Written by A. H. on 09 Feb 2017
Distributor Crunchyroll • Certificate N/A • Price N/A
Holding hands is an important human interaction. As children, our parents hold our hand to guide and protect us. Later in life, we hold the hand of our lovers as a sign of our affection and the bond between us. As we grow old, holding hands becomes a source of comfort. When we watch Hand Shakers, we hold hands in the hope that it might fend off the nausea caused by the violent camera movements and terrible CG of this abomination of an anime.
Over recent years, animation studio GoHands have made a name for themselves with their own particular style of anime, with lots of visual filters to saturate and give a unique look to their shows. At times it's worked well - Mardock Scramble's bizarre future fitted their aesthetic, K had something to be said for its Instagram-filtered visuals, and Coppelion... well, let's not talk about that one.
Even compared to those series, Hand Shakers is on another level. Another level of Hell, that is. Right from the off, I really can't overstate how ugly this series looks, right the way down to the atrocious font used for its opening credits that you'd expect to see from a Geocities hosted web page in the mid-1990s. It only gets worse when the series proper kicks off however, demonstrating a complete lack of any kind of coherent art direction. The series looks like the production staff assembled every filter, visual effect and CG asset amassed by the studio, then threw every single one of them into every single scene to create a literally dizzying mess that has no rhyme, reason or logic to it.
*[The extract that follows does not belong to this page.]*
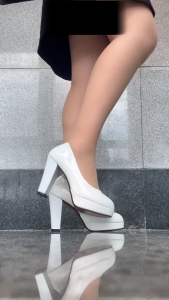 Fashion Korean Style Sandals with Heels for Women Platform Pumps White Heels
Things only get worse when the time comes for some dynamic camera work - our view of events lurching around like a drunkard trying to record a night out via Periscope, only with more swaying, tilting and swinging the camera around. It's literally nauseating - which is a perfect fit for the series, as combine the messy visuals with the terrible camera work and Hand Shakers looks like someone has vomited onto the screen after eating too many Skittles. You can almost taste the rainbow, but that's because you just threw up in your mouth a little.
Into the midst of all this, you might be able to squint and peer through this mess of bad CG and overblown post-processing to find the actual characters. I wouldn't bother though - they all sit somewhere between bland and ugly on the spectrum, and mostly look as if they've been borrowed from an entirely different series and simply dropped into the kaleidoscopic nightmare that has become their new existence. In motion, these characters also tend to veer off model when things get busy (well, busier) to offer a suitable filling to the show's visual turd sandwich.
We don't normally start a review by talking about the visual aspects of a series, but I'd like to think the reason we've broken with tradition here is clear. If it isn't clear - and if those images up top aren't helping to punctuate my point, as the show admittedly looks far, far worse in motion - then let me spell it out for you. Hand Shakers might be the worst-looking TV anime series ever produced. There. I said it.
This is where I'd like to say "if you can push on and learn to cope with the impenetrable visuals, you'll find a story that's well worth your time". But I can't say that, because it would be a lie, as Hand Shakers' narrative is also garbage of the highest order. Milquetoast protagonist Tazuna has a penchant for fixing things (I swear this series wants to be Fate/stay Night), and one day happens upon a sleeping girl name Koyori. Upon awakening, an instant bond between the pair form, making them the latest pair of titular Hand Shakers - partners who must hold hands to summon weapons, and fight against other pairings to achieve their dreams. Oh, and in Koyori's case she'll probably die if she and Tazuna stop holding hands for too long.
I'm sure you could make a decent enough action-drama series out of this setup, but Hand Shakers isn't it. Instead, it borrows all of the tropes it can for both its characters and plot, leaving it feeling like a trashy light novel but without any kind of charm to allow it pull even that off. Dialogue is either stilted or terrible, as a sign of the kind of lazy writing which seeps into every pore of the show thus far as it leans on fan service or dull and poorly executed action scenes (or, in episode five, a shoe-horned in attempt to sell you a trading card game). There are one or two little glimpses of comedy that work throughout these first five episodes, although even these pale to the number of gags that fall flat.
The only real positive I'd throw in Hand Shakers' direction is that I quite like the soundtrack, although even this leans very heavily on the very similar OST used to better effect by another GoHands production in the form of K. Given everything else we've discussed thus far, I suppose "watch Hand Shakers with your eyes closed" might be a sage piece of advice.
It's been a long time since I've watched an anime quite as atrocious as Hand Shakers - it's rare to find a series that is so obnoxiously bad both inwardly and outwardly without anything that you can grab onto as a potential redeeming feature. For a while I genuinely pondered whether Hand Shakers was some kind of satirical commentary on how digital effects are killing anime, but that would be to imbue the series with credit that it simply doesn't deserve. Instead, what we have here is an artless, ill-conceived series entirely bereft of craft in either story or visuals. Who'd have thought we'd see 2017's worst anime before January was out?
You can watch Hand Shakers in streaming form on Crunchyroll. Don't, though.
Japanese audio with English subtitles. Video is available in 360p, 480p, 720p and 1080p resolutions; HD formats and removal of advertisements available to paid subscribers.